EXERCISE: Reproduce the whole listing exactly, omitting any picture it holds.

DATA:
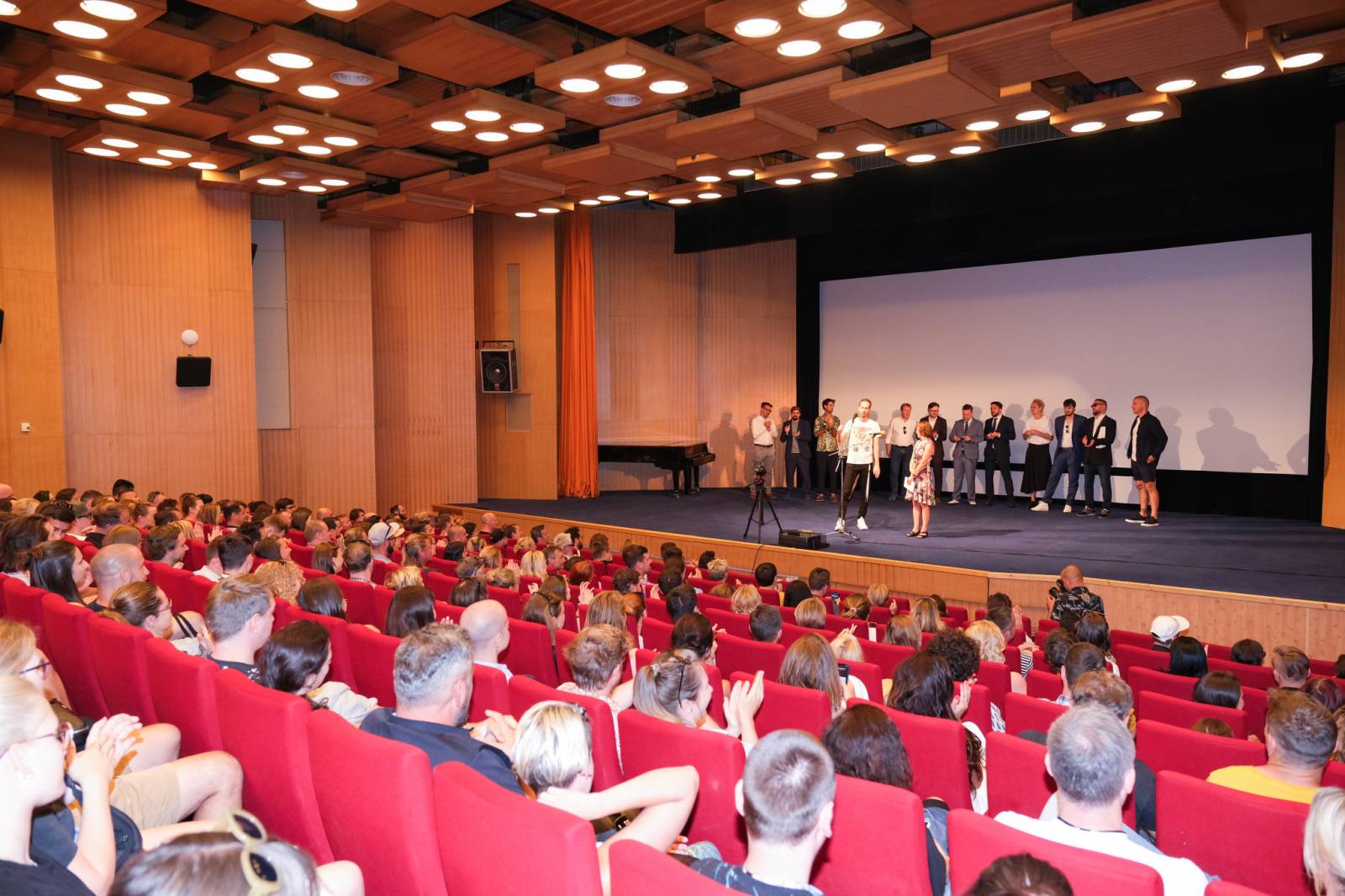 Festivalem ve Varech duněl rap PSH, představil se i herec a režisér Liev Schreiber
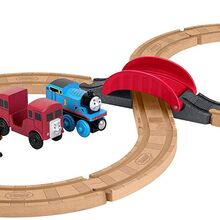 thomas racing figure 8 set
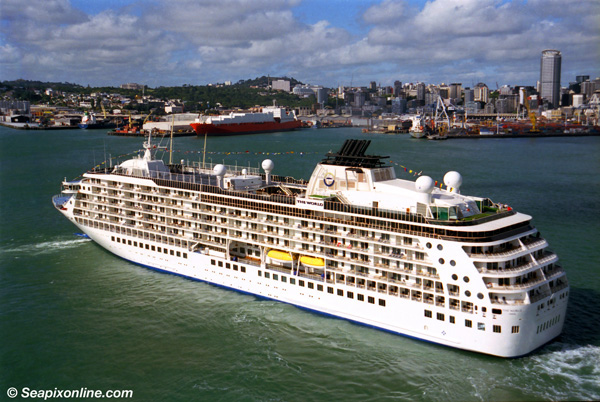 THE WORLD (2002/43188grt/IMO 9219331) in Auckland, New Zealand for the 2002/3 Louis Vuitton/Americas Cup yachting regatta. 15 February 2003. Photo by Seapixonline.com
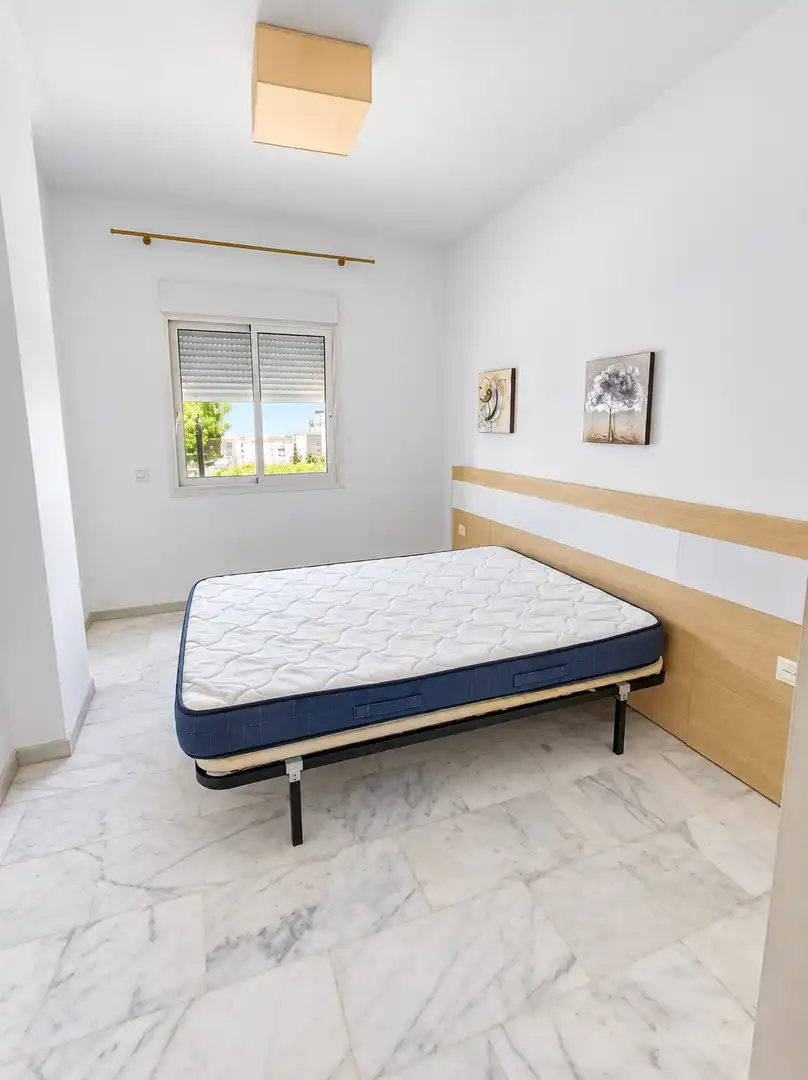 Dormitori de Apartament en venda en Estepona amb Aire condicionat, Terrassa i Piscina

OUTPUT BELOW:
 Festivalem ve Varech duněl rap PSH, představil se i herec a režisér Liev Schreiber
 thomas racing figure 8 set
 THE WORLD (2002/43188grt/IMO 9219331) in Auckland, New Zealand for the 2002/3 Louis Vuitton/Americas Cup yachting regatta. 15 February 2003. Photo by Seapixonline.com
 Dormitori de Apartament en venda en Estepona amb Aire condicionat, Terrassa i Piscina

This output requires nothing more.